President Donald Trump called for a boost in infrastructure spending in a meeting with top U.S. airline and airport executives today, promising to roll back regulations and remake the country's transportation system.
He also voiced support for privatizing America's air traffic control system, according to a top airline industry lobbyist who was in the meeting.
Tampa International Airport CEO Joe Lopano, who was one of six airport executives invited to the sit-down with Trump, said in an interview with the Tampa Bay Times that the hour-and-a-half session focused mostly on infrastructure spending and efficiency.
"There's a lot of interest regarding airport infrastructure and generating funding to modernize U.S. airports," Lopano said. "Our president is very supportive of this."
The meeting was spurred by the Airports Council International - North America and other aviation industry groups.
Lopano joined the CEOs of the Los Angeles, Chicago, Nashville and Buffalo airports in the meeting. He said it was the first time any of the present airline executives had ever been invited to the White House to discuss the industry. This was also the first time Lopano had met Trump.
"This is a significant change in mind set," said Lopano. "One of the things we talked about was eliminating unnecessary regulations. Airlines and airports are heavily regulated and we talked about taking away a lot of the bureaucratic stumbling blocks."
Lopano said the discussion didn't veer to the controversial travel ban, which has sparked protests at major airports across the country, including a small protest at TIA. But infrastructure spending could include improvements to air traffic control operations for better communication with airplanes.
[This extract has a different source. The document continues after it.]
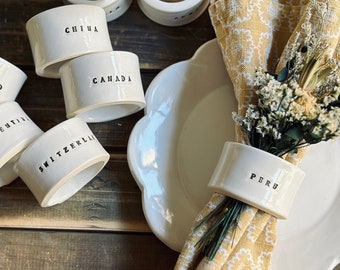 Personalized ceramic Napkin Rings handmade engraved napkin ring wedding gift housewarming present ceramic gift for party event  napkin ring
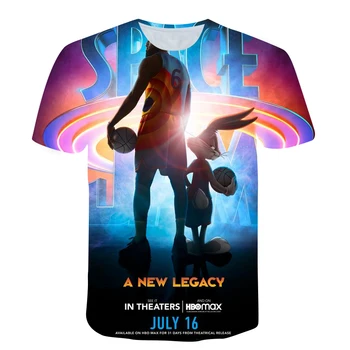 2021 Film Nou Spațiu-Gemuri Tricou Băieți, Cămăși Sport Baschet Stele de Imprimare Tricouri Cool Copii, Imbracaminte Copii pentru Un Nou Legacy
"He was very responsive to customers' and security needs and agrees that we need to stay ahead of the curve," Lopano said. "He was really just listening to what we had to say."
Lopano has testified before Congress before about funding for airport infrastructure improvements.
Among the sensitive topics discussed at the session was privatizing air traffic control operations.
Nick Calio, president and CEO of Airlines for America, the trade association that represents the major airlines, said after the White House meeting that Trump was "extraordinarily positive" when airline executives urged him to spin off air traffic control from the Federal Aviation Administration and place them under the control of a private, nonprofit corporation.
That corporation would most likely be dominated by the major airlines.
Asked if Trump committed to back a bill to do that, Calio said: "I think he's on track to do that."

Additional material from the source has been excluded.